Drama of 1960s Italian girl band that went to Vietnam premiers at Venice
Pubblicato il: 03/09/2018 15:44
'Arrivederci Saigon', a documentary about a Tuscan all-girl pop group that was improbably caught up the Vietnam War during a Southeast Asian tour in 1968, spending months in jungle battlefields entertaining US troops, will be screened on Tuesday at the 75th Venice Film Festival.
Eager for success and fame, the talented five-member 'Le Stars' girl band from an industrial district of Tuscany received an offer from their tour manager which was too good to refuse: a series of concerts in the Far East, Manila, Hong Kong, Singapore and other venues.
But after its first show in Manila, the band was immediately diverted to the South Vietnamese capital Saigon for a few gigs and got trapped in the war zone until the end of January, 1969.
In Italian film director Wilma Labate's documentary, 50 years after their dramatic and life-changing experience, 'Le Stars' members Viviana Tacchella, Rossella Canaccini, Daniela Santerini and Franca Deni narrate their three months of survival hidden in US military bases in the jungle, living in close confines with American soldiers under North Vietnamese rocket fire and attacks from Vietcong guerrilla light artillery.
"Five girls from the Tuscan province learn Soul along with African-American soldiers in Vietnam," says Labate.
"The challenge is to tell the story through the eyes of the protagonists, who were little more than teenagers, re-opening one of the most controversial chapters of the twentieth century with the memory and lightness of an incredible experience that has marked their lives forever."

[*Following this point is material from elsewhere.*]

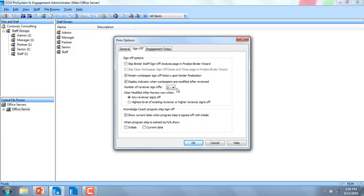By default, the number of reviewer sign-offs will stay at first and second reviewer. However, if you so choose, you may now go in and change this to either two, three, or four levels of reviewer sign-off.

'Arrivederci Saigon' will be presented to the press and film industry at a screening on Tuesday in the Official Selection of the festival's new non-competitive Sconfini section. An official screening will take place on Wednesday and a screening for the public with be held on Thursday.
The documentary is backed by the Italian culture ministry distributor Istituto Cinecitta Luce.
Italian public broadcaster Rai provided access to its vast Teche Rai archive while Rai Com is distributing the film internationally.